Il genocidio è stato perpetrato 85 anni fa, ma l’argomento resta di grande attualità. Per la Turchia si tratta di un tema sensibilissimo. Ankara ha sempre respinto il concetto di genocidio, perché “si trattò di avvenimenti consecutivi alla guerra.” Il genocidio è invece rivendicato dagli armeni ed è riconosciuto da numerosi esperti e storici. Diversi paesi europei, tra cui l’Italia, l’hanno già formalmente condannato. Il parlamento europeo l’ha riconosciuto nel 1987 e l’Assemblea parlamentare del Consiglio d’Europa nel 1998.

Per il deputato socialista Franco Cavalli, “è importante riconoscere questo primo genocidio perpetrato nel 20esimo secolo perché esso è servito da modello per altri massacri di questo tipo. Anche i nazisti si ispirarono agli orrori compiuti dai turchi per eliminare gli ebrei.” Cavalli ha detto alla tribuna che la Svizzera continua a fare affari con la Turchia, “un paese che non ha mai rispettato i diritti umani, che li víola ogni giorno. Se vogliamo essere coerenti con la nostra politica estera, che si basa sulla difesa dei diritti umani, dobbiamo avere questo coraggio, anche se ciò costerà qualche contratto.”

Per l’autore del postulato, il comunista Josef Zisyadis, “il nostro paese deve riconoscere il genocidio armeno per contribuire a fare avanzare la democrazia in Turchia. Si tratta di un passo simbolico e politico importante proprio dopo la ratifica da parte del Consiglio nazionale della Corte penale internazionale per punire il crimine di genocidio.”
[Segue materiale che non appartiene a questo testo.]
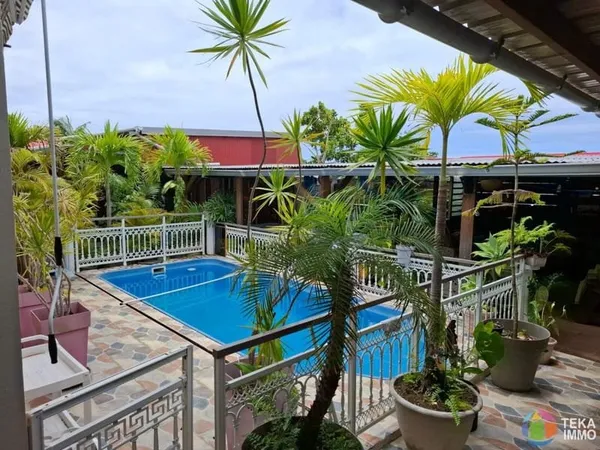 Vue mer, volumes, piscine : une maison familiale où il fait bon vivre à Sainte-Anne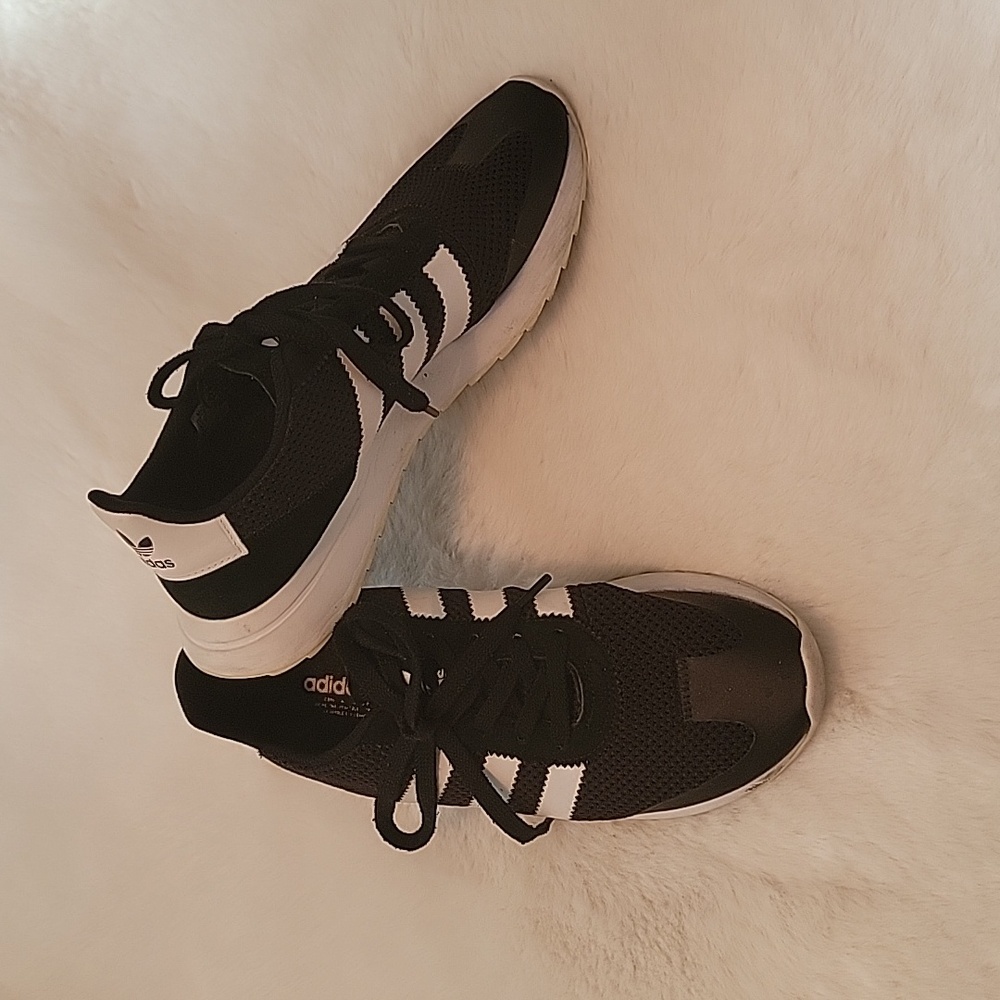 Women's Adidas tennis shoes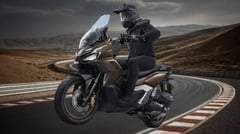 Honda ADV160 rolls out smarter tech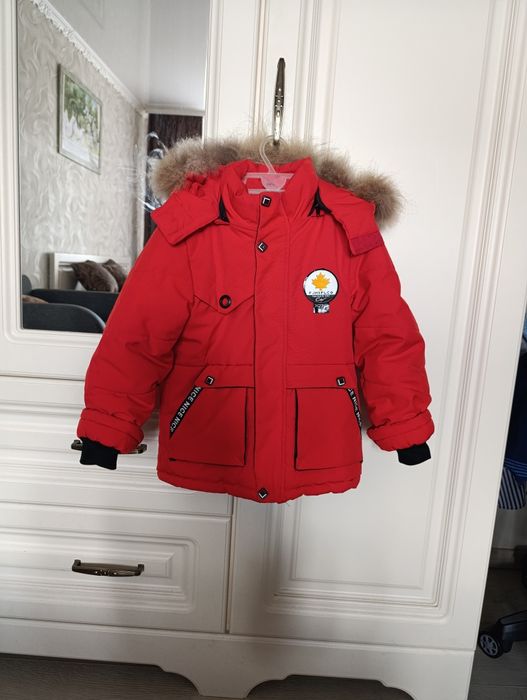 Зимова куртка на хлопчика на 3-4 роки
Il deputato socialista Jean-Claude Rennwald ha esibito alla tribuna una copia del giornale turco Hurriyet, che ha minacciato i firmatari del postulato qualora mettessero piede in Turchia e ha anche denunciato le forti pressioni dell’ambasciatore turco in Svizzera.

Per il ministro degli esteri Joseph Deiss, il governo svizzero si è già espresso in passato chiaramente sul tema. La qualifica di “genocidio” appartiene però, secondo lui, a un tribunale, come la futura Corte penale internazionale e non al governo svizzero. Il processo di normalizzazione fra Svizzera e Turchia, voluto anche per favorire il rispetto dei diritti umani, sarebbe stato messo in pericolo il postulato fosse stato accettato. Ricordiamo che una decina d’anni fa l’ambasciatore turco a Berna era stato dichiarato persona non grata in seguito a una sparatoria davanti alla legazione turca che aveva provocato la morte di un manifestante turco. Il lungo processo di normalizzazione era culminato in gennaio di quest’anno con la visita a Berna del ministro degli esteri turco.